◆ INPUT ◆
——————————
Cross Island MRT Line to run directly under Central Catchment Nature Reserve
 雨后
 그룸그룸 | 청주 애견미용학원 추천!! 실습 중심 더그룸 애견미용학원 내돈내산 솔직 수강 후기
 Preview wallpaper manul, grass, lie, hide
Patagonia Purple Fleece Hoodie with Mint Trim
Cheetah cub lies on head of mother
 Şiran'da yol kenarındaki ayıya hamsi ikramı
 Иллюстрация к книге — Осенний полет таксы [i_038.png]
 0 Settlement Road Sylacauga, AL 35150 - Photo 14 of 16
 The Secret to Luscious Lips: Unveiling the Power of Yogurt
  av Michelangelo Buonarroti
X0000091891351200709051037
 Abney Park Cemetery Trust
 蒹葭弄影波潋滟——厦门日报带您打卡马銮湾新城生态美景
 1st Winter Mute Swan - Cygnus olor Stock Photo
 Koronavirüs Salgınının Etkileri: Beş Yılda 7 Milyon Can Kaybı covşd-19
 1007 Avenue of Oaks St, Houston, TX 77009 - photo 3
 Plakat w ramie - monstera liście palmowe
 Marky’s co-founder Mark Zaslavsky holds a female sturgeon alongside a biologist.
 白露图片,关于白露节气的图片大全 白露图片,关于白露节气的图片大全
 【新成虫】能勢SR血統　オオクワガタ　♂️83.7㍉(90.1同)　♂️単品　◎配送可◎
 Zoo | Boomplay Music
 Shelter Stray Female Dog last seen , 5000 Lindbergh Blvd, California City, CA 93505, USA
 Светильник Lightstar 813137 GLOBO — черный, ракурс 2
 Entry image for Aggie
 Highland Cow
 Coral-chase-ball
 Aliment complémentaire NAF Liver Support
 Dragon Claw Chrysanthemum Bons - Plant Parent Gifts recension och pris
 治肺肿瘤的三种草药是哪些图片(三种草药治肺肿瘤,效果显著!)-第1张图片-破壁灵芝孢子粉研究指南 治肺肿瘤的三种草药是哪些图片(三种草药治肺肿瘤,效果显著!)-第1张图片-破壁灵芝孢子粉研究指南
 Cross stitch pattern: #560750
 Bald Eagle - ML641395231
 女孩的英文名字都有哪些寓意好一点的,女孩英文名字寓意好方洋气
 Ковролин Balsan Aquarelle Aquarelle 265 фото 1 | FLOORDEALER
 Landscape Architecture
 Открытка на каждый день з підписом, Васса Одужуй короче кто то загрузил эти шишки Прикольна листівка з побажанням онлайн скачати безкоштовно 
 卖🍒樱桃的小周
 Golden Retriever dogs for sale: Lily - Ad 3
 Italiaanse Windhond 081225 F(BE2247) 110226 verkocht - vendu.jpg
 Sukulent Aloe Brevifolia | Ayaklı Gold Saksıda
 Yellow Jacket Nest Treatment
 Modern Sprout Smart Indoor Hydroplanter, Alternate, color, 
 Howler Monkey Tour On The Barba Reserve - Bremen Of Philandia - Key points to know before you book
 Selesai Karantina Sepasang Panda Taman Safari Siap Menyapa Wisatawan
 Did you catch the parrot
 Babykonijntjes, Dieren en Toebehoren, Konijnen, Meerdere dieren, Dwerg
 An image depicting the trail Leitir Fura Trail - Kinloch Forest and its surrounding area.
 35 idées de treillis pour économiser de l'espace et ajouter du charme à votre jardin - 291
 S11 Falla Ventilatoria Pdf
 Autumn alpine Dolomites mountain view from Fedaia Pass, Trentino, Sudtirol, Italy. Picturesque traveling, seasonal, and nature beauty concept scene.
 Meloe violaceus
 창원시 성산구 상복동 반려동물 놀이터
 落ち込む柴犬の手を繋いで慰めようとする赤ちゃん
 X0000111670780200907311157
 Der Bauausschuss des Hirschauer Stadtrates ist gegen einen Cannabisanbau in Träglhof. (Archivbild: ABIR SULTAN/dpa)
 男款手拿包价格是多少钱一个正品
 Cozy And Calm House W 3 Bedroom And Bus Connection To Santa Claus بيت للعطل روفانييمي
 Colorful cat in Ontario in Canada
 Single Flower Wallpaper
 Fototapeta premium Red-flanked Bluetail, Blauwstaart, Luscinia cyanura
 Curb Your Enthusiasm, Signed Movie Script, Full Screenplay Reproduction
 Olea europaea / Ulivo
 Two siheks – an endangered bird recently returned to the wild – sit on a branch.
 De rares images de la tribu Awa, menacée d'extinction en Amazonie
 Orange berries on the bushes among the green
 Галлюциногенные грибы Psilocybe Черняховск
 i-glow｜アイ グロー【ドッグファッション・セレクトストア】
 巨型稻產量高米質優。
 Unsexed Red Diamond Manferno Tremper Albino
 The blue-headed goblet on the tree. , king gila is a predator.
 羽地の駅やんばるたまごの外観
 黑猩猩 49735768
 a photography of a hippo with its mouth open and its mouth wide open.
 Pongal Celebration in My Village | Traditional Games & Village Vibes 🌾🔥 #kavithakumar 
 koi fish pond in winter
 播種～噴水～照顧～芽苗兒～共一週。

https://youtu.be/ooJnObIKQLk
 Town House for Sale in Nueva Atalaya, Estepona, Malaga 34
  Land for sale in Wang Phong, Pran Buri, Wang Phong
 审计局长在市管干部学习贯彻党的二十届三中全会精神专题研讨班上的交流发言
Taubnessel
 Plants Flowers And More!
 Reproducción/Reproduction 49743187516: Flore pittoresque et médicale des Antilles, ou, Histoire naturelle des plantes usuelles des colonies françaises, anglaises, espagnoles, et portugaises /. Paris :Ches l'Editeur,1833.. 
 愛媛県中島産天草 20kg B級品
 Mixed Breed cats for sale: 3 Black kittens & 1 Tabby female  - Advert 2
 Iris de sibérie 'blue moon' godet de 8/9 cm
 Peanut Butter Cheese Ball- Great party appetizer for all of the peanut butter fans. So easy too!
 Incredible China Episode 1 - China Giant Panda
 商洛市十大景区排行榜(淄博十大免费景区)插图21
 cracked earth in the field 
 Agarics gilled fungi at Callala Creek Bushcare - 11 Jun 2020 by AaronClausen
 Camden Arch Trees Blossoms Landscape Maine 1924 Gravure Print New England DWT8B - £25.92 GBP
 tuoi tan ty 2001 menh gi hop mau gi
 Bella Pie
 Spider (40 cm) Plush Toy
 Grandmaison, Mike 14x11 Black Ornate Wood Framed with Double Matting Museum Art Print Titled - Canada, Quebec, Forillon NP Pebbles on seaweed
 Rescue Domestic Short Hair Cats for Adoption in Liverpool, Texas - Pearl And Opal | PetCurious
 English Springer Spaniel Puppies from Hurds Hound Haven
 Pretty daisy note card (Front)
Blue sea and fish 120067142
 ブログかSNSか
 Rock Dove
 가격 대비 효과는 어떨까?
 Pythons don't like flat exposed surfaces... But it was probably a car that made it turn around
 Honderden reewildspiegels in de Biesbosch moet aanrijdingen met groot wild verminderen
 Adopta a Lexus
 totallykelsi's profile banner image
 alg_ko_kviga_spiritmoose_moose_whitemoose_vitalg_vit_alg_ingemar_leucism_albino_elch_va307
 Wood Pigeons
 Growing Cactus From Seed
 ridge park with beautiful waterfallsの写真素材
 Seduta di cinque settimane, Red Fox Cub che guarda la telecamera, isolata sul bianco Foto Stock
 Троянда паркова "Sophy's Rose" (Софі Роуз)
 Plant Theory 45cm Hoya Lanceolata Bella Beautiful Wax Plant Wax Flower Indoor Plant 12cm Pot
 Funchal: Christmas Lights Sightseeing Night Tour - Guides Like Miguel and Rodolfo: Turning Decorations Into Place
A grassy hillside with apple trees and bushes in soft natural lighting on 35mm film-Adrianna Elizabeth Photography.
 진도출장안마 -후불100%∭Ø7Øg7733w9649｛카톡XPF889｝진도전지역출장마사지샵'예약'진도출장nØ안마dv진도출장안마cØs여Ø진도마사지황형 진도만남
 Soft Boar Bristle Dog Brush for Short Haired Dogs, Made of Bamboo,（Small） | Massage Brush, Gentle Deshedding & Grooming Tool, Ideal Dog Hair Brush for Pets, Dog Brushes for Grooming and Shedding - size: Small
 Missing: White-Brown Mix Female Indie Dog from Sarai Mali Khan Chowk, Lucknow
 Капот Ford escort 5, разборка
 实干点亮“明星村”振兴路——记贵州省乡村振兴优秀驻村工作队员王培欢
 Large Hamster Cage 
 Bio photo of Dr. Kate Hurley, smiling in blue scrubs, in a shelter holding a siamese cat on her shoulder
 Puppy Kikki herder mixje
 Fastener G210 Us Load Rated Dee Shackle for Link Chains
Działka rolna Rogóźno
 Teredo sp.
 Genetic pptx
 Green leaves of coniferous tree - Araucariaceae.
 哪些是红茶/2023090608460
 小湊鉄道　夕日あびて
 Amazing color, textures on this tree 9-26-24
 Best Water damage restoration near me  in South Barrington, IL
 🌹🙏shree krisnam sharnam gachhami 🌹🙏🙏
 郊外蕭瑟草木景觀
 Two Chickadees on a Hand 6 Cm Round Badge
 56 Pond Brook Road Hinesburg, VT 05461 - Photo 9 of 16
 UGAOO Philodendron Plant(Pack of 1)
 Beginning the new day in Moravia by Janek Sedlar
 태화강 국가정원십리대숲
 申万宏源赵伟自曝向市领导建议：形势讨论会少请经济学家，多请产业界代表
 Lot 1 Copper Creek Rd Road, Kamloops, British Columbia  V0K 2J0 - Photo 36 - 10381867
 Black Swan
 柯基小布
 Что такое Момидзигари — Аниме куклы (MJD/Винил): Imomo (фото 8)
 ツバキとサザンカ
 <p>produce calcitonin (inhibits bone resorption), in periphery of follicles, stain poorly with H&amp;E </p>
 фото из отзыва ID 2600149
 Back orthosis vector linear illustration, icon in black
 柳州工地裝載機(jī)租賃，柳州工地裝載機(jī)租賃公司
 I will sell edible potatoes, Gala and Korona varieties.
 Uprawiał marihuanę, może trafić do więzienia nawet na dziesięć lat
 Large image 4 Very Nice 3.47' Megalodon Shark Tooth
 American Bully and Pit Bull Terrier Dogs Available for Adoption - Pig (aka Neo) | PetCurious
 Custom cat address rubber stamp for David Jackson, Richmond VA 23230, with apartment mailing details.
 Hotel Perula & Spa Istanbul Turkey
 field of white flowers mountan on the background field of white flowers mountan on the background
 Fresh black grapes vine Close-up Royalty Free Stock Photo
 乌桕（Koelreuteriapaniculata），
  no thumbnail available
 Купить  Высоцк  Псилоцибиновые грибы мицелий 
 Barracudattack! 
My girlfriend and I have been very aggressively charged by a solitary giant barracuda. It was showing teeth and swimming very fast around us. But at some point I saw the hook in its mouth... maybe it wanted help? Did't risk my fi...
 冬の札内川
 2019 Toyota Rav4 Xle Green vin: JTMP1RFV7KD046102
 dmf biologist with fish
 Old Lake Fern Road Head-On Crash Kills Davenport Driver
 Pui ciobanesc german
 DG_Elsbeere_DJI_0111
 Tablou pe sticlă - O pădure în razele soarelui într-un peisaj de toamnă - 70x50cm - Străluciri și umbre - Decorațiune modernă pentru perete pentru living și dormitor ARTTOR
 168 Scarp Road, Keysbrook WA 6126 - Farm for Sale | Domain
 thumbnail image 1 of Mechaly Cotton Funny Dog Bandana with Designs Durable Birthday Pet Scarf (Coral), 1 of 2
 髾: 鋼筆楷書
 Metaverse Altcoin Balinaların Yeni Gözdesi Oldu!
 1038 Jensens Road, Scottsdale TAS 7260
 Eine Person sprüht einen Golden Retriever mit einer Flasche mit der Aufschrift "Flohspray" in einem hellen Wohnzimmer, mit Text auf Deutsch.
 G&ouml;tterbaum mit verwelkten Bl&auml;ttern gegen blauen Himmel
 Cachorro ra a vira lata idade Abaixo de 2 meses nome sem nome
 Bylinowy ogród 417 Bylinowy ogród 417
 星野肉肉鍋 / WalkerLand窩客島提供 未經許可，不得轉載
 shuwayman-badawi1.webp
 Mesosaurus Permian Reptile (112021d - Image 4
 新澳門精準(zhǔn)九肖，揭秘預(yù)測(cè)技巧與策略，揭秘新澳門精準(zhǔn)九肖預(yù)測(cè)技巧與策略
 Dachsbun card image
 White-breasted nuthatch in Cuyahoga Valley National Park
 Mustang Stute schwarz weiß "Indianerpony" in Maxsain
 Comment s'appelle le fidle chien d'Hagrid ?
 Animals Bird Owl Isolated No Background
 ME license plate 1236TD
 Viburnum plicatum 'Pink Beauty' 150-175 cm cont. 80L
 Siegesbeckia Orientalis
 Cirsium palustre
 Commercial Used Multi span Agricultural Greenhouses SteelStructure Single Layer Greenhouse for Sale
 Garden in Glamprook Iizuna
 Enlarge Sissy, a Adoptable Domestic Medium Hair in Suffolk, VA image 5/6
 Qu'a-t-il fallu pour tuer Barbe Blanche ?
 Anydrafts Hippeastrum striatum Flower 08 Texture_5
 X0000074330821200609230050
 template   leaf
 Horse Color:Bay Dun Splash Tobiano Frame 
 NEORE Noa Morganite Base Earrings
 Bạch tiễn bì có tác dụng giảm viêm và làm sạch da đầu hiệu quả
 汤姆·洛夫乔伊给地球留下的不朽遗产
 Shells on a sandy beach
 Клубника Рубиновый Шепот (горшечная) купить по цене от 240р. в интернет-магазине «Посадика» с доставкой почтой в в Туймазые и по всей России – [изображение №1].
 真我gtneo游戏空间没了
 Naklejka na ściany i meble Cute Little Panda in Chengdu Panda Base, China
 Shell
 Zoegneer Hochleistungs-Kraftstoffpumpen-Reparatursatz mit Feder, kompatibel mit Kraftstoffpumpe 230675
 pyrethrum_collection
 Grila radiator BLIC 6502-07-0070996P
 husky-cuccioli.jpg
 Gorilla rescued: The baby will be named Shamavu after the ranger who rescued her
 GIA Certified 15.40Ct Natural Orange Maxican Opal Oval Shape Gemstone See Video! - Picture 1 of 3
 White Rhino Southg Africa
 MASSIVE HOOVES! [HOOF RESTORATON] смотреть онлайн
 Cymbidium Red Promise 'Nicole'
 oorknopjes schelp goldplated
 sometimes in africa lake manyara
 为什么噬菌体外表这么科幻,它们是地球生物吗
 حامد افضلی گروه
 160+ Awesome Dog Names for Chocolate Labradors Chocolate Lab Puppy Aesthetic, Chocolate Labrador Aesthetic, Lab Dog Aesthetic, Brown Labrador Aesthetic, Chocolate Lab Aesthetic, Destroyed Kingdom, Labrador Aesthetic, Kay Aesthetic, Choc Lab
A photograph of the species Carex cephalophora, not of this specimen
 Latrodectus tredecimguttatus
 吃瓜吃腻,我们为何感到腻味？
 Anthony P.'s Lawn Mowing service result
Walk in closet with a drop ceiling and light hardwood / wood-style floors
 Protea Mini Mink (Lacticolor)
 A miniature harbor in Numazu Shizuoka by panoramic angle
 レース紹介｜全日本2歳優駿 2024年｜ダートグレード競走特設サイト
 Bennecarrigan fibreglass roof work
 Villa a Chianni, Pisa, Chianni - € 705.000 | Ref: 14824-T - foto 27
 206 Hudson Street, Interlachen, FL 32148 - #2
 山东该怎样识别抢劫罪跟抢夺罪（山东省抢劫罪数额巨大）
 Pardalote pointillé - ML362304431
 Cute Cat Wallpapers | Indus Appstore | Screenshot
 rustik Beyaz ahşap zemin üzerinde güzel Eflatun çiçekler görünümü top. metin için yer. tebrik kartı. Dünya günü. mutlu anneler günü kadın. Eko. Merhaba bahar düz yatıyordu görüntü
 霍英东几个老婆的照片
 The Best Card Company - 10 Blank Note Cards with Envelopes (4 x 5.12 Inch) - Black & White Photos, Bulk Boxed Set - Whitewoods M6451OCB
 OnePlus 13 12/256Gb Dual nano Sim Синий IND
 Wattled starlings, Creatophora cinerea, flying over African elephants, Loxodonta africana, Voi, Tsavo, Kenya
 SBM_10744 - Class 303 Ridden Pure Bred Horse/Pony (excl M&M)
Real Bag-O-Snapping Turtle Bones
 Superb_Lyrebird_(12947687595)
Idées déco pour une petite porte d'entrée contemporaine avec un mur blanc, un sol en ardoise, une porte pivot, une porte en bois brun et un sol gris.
——————————
Copy out precisely the lines from the line with "Клубника Рубиновый Шепот" to the line with "Protea Mini Mink (Lacticolor)" in the material above, including those two lines and omitting all the rest.

 Клубника Рубиновый Шепот (горшечная) купить по цене от 240р. в интернет-магазине «Посадика» с доставкой почтой в в Туймазые и по всей России – [изображение №1].
 真我gtneo游戏空间没了
 Naklejka na ściany i meble Cute Little Panda in Chengdu Panda Base, China
 Shell
 Zoegneer Hochleistungs-Kraftstoffpumpen-Reparatursatz mit Feder, kompatibel mit Kraftstoffpumpe 230675
 pyrethrum_collection
 Grila radiator BLIC 6502-07-0070996P
 husky-cuccioli.jpg
 Gorilla rescued: The baby will be named Shamavu after the ranger who rescued her
 GIA Certified 15.40Ct Natural Orange Maxican Opal Oval Shape Gemstone See Video! - Picture 1 of 3
 White Rhino Southg Africa
 MASSIVE HOOVES! [HOOF RESTORATON] смотреть онлайн
 Cymbidium Red Promise 'Nicole'
 oorknopjes schelp goldplated
 sometimes in africa lake manyara
 为什么噬菌体外表这么科幻,它们是地球生物吗
 حامد افضلی گروه
 160+ Awesome Dog Names for Chocolate Labradors Chocolate Lab Puppy Aesthetic, Chocolate Labrador Aesthetic, Lab Dog Aesthetic, Brown Labrador Aesthetic, Chocolate Lab Aesthetic, Destroyed Kingdom, Labrador Aesthetic, Kay Aesthetic, Choc Lab
A photograph of the species Carex cephalophora, not of this specimen
 Latrodectus tredecimguttatus
 吃瓜吃腻,我们为何感到腻味？
 Anthony P.'s Lawn Mowing service result
Walk in closet with a drop ceiling and light hardwood / wood-style floors
 Protea Mini Mink (Lacticolor)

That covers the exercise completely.